● **Exercise**: Transcribe exactly the span of lines that begins the records and ends with the line holding "Hunter Hunter T-shirt", both boundary lines included.

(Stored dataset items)
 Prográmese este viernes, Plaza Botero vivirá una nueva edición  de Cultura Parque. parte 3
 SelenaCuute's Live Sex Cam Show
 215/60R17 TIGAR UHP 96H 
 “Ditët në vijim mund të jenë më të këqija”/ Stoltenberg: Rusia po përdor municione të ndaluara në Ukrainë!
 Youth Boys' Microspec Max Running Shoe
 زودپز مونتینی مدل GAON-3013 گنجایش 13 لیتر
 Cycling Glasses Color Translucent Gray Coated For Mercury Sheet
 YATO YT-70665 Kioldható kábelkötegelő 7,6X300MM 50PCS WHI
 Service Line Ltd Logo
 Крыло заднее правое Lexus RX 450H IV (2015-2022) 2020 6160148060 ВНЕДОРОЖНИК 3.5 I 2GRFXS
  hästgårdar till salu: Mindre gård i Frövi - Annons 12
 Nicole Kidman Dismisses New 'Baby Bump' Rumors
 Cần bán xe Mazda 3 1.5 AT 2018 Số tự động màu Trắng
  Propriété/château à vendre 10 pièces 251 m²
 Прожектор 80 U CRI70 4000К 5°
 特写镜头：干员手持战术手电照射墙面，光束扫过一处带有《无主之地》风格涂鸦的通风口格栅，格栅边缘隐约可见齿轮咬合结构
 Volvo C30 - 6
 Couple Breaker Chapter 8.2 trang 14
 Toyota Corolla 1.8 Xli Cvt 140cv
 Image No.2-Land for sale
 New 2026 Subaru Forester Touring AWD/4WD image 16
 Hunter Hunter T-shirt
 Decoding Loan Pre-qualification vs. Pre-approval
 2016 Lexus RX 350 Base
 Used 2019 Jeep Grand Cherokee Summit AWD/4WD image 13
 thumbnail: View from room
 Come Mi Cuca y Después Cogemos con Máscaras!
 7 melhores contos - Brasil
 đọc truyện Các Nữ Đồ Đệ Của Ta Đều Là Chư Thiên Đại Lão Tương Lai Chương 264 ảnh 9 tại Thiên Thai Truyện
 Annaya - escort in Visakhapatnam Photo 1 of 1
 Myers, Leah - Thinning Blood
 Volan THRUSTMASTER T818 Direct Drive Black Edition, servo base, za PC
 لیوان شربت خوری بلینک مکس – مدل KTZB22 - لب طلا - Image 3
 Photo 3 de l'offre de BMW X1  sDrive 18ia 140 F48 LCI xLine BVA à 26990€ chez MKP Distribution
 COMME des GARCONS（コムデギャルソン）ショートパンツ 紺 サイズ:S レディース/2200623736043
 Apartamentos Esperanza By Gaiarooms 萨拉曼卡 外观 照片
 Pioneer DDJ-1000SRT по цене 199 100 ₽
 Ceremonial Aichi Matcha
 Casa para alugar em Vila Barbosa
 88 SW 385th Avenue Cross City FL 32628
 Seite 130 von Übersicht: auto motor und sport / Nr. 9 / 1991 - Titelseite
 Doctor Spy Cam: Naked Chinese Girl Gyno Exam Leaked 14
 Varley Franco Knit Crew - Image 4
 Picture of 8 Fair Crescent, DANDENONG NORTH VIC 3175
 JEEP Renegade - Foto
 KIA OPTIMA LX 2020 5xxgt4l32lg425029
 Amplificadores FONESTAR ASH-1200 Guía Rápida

● **Your solution**:
 Prográmese este viernes, Plaza Botero vivirá una nueva edición  de Cultura Parque. parte 3
 SelenaCuute's Live Sex Cam Show
 215/60R17 TIGAR UHP 96H 
 “Ditët në vijim mund të jenë më të këqija”/ Stoltenberg: Rusia po përdor municione të ndaluara në Ukrainë!
 Youth Boys' Microspec Max Running Shoe
 زودپز مونتینی مدل GAON-3013 گنجایش 13 لیتر
 Cycling Glasses Color Translucent Gray Coated For Mercury Sheet
 YATO YT-70665 Kioldható kábelkötegelő 7,6X300MM 50PCS WHI
 Service Line Ltd Logo
 Крыло заднее правое Lexus RX 450H IV (2015-2022) 2020 6160148060 ВНЕДОРОЖНИК 3.5 I 2GRFXS
  hästgårdar till salu: Mindre gård i Frövi - Annons 12
 Nicole Kidman Dismisses New 'Baby Bump' Rumors
 Cần bán xe Mazda 3 1.5 AT 2018 Số tự động màu Trắng
  Propriété/château à vendre 10 pièces 251 m²
 Прожектор 80 U CRI70 4000К 5°
 特写镜头：干员手持战术手电照射墙面，光束扫过一处带有《无主之地》风格涂鸦的通风口格栅，格栅边缘隐约可见齿轮咬合结构
 Volvo C30 - 6
 Couple Breaker Chapter 8.2 trang 14
 Toyota Corolla 1.8 Xli Cvt 140cv
 Image No.2-Land for sale
 New 2026 Subaru Forester Touring AWD/4WD image 16
 Hunter Hunter T-shirt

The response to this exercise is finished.